Thüringer Architektentag 2002

He leapt the fence and saw
That all nature was a garden

Er übersprang den Zaun und sah,
dass die ganze Welt ein Garten ist

Horace Walpole


Gärten – der letzte Luxus unser Zeit ?

Vortrag anlässlich der Verleihung des Thüringer Landschaftsarchitekturpreises zum Thüringer Architektentag
Erfurt 11. Okt. 2002

Luxusgut „Garten“

Sehr geehrter Herr Staatsekretär, Sehr geehrter Herr Präsident, Sehr geehrte Damen und Herren, Liebe Kollegen,

als erstes möchte ich mich für die freundliche Einladung bedanken, zum diesjährigen Architekentag ein paar Gedanken zu Gärten und Freiräumen ausführen zu können. Für einen Vertreter einer kleineren Fraktion der Kammern – der Landschaftsarchitekten – ist es nicht unbedingt eine Selbstverständlichkeit, so im Rampenlicht zu stehen.

Vielleicht liegt die Einladung darin begründet, dass man sich – einem Blumenstrauß gleichend - zu einer solchen Veranstaltung auch noch etwas Besonderes gönnen wollte, ein klein wenig Luxus. Denn der Garten – so ein Zitat von Dieter Kienast - „ist der letzte Luxus unserer Tage, denn er erfordert das, was in unserer Gesellschaft am seltensten und kostbarsten geworden ist: Zeit, Zuwendung und Raum.“[1]

Und damit sind wir schon beim eigentlichen Problem, einer Diskussion, die seit der Antike anhält, die – gerade in schwereren Zeiten - Luxus als unverantwortliches Laster geißelt und in zurückhaltender Askese den passenderen Ausdruck von sichtbar gewordener Verantwortung sieht.

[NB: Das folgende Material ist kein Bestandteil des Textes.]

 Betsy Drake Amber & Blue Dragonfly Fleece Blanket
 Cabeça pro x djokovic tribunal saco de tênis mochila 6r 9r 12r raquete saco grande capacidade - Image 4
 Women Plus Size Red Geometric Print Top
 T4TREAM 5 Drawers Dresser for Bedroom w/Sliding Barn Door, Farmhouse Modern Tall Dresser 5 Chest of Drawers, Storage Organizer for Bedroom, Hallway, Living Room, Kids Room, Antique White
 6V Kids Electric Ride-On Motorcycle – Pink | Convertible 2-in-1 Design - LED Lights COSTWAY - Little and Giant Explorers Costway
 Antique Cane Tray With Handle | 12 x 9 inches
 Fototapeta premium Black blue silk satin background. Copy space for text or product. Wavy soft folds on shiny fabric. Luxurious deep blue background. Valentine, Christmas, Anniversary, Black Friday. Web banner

Derzeit lässt sich doch jedes ungeliebte Projekt allein schon damit beseitigen, dass man es deutlich wahrnehmbar als „Luxus“ tituliert. Spätestens bei der Erwähnung des Wortes ist bei jedem Kämmerer die Entscheidung gefallen. Das Dosier wird beiseite gelegt und der nächste Tagesordnungspunkt aufgerufen.

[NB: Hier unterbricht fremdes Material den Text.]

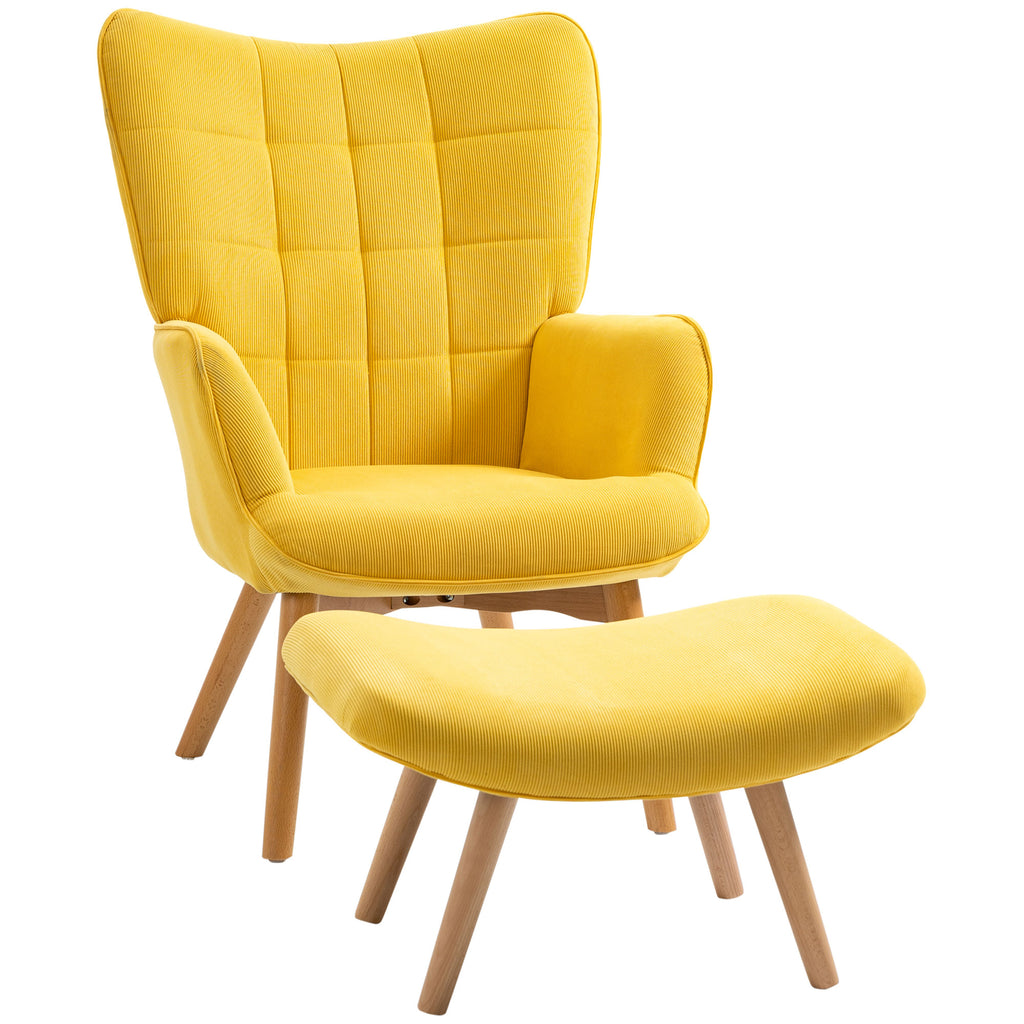 HOMCOM Akzentsessel mit Hocker, Relaxsessel in Cord-Optik, Armlehnstuhl mit Holzbeinen, für Wohnzimmer, Gelb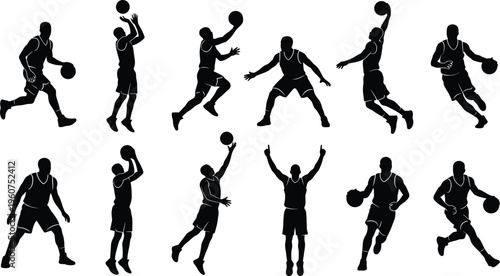 A collection of ten black silhouettes showing various basketball player poses and game actions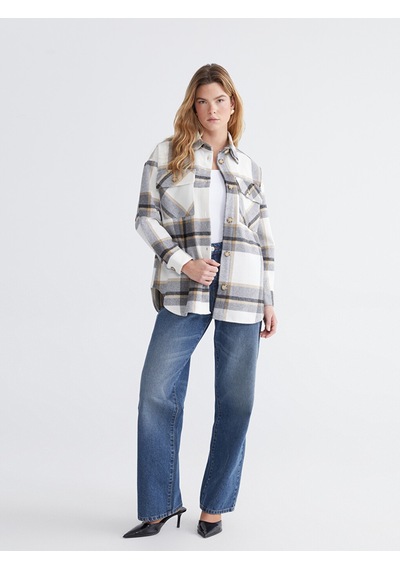 Lcw Comfort Gri Ekose Oversize Kadın Gömlek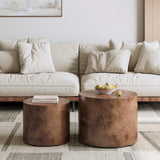 Round Solid Wood Nesting Tables Set of 2 Dark Brown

Denn Luxus, das ist Üppigkeit, das, was über den durchschnittlichen Lebensstandart auffällig hinausgeht. Der Ausspruch – „das ist für mich ein Luxus“ - ist gleichbedeutend mit „das kann ich mir nicht leisten“.

Dies ist angesichts einer stagnierenden wirtschaftlichen Gesamtsituation mit wegbrechenden Gewerbesteuereinnahmen wohl die derzeit vorherrschende Stimmung.

Und trotzdem möchte ich die Zeit hier dazu nutzen – über diesen „Luxus“ zu sprechen und aufzuzeigen, dass es im Gegenteil geradezu notwendig ist, dass wir uns eben diesen „Luxus“ leisten, auch, damit wir uns eine Zukunft leisten können.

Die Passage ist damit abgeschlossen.